Dawei is envisioned as a “doorway” to the East-West Economic Corridor, a massive transport-trade network that will connect Myanmar, Thailand, Laos, Cambodia and Vietnam and link the Indian Ocean with the Pacific. It is also a test case and role model for joint development of ASEAN connectivity infrastructure.

The project began to take shape in 2010, when the construction conglomerate Italian-Thai Development obtained a 60-year concession to develop the deep-sea port, industrial estate, road, rail and other infrastructure.

The government of Yingluck Shinawatra poured a lot of effort and resources into moulding the Dawei vision and its execution. Yingluck herself raised the issue every time she met Thein Sein, eager to talk about Dawei even when he was not. Yingluck assigned her Cabinet to champion the project. But, although Thailand and Myanmar set up a high-level joint committee to push forward, Dawei made little progress during Yingluck’s tenure.

The major problem is capital ― the project requires hundreds of billions of baht. The first phase alone involves about 20,000 rai (32 square kilometers) to serve light industries and needs around 30 billion baht in funding, according to ITD. Yingluck tried to lure Japanese investment, Tokyo businessmen paid little attention.

When Prayut seized power, investors were worried that the project would be snuffed out, but the military government was quick to clarify that it would continue the project with Myanmar.

ITD predicted last week that Prayut’s visit to Myanmar would inject new life into Dawei and boost foreign investor confidence. Yet the need for capital and partners remains an issue for Prayut’s government.

Other problems lawmakers need to tackle are the environmental and social impact of the mega-project, including evictions due to land expropriation, inadequate and unfair resettlement and compensation for farmers, and other damage to local communities’ social and economic wellbeing.

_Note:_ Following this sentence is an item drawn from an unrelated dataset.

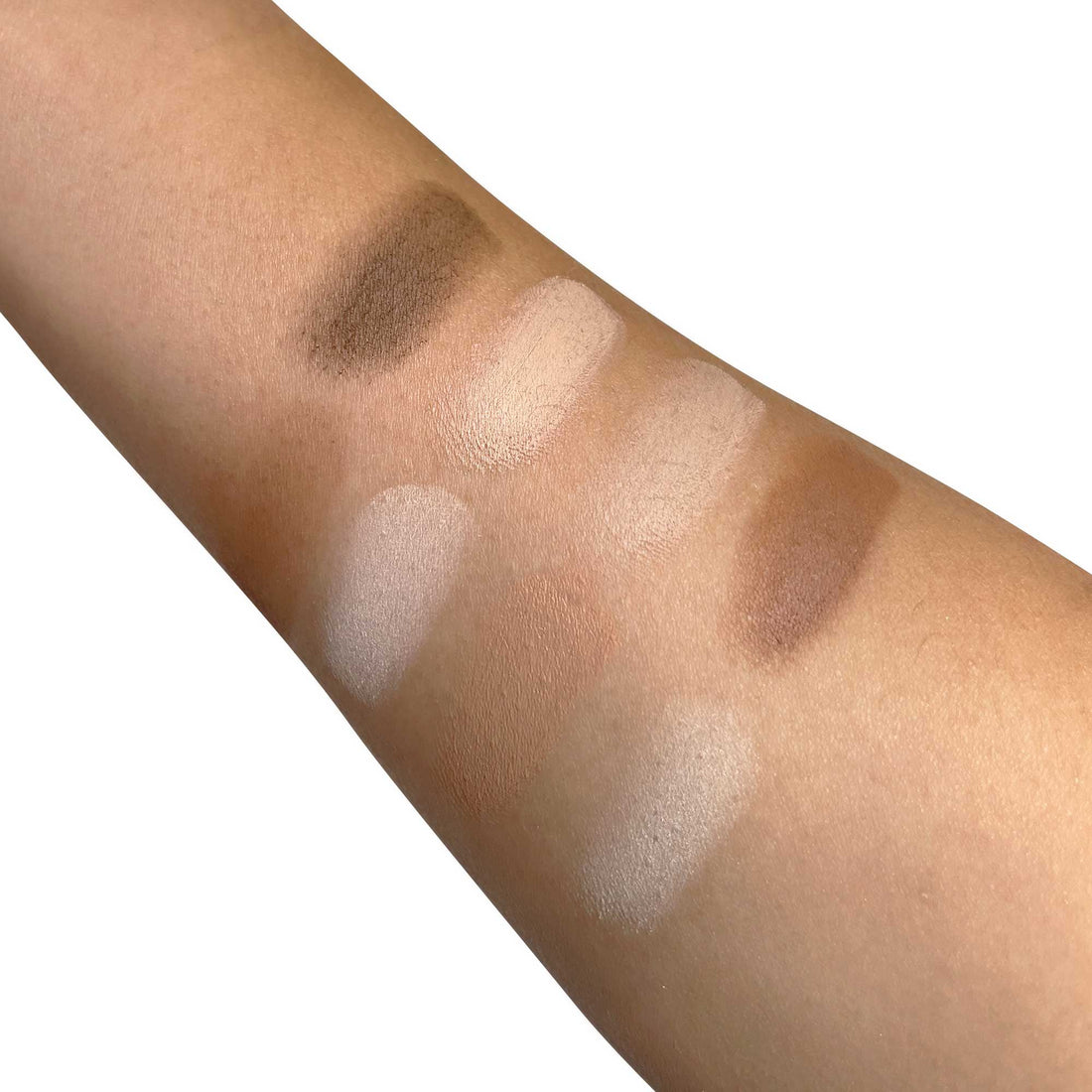 Ultimate Contour Kit.png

Affected residents have formed the Dawei Development Association, pleading with the Thai and Myanmar governments to pay more attention to the project’s impact on their lives. It is estimated that 20 to 36 villages, totalling 22,000 to 43,000 people, will be directly affected by the construction of the Dawei industrial estate, ports, road links, reservoirs and resettlement areas.

Myanmar has said one aim of the project is to develop the south of the country. But a crucial feature of good development is real efforts made to safeguard the wellbeing of citizens. Without such efforts, there is a danger that this “development” will blight, rather than boost, living standards for the communities in its shadow.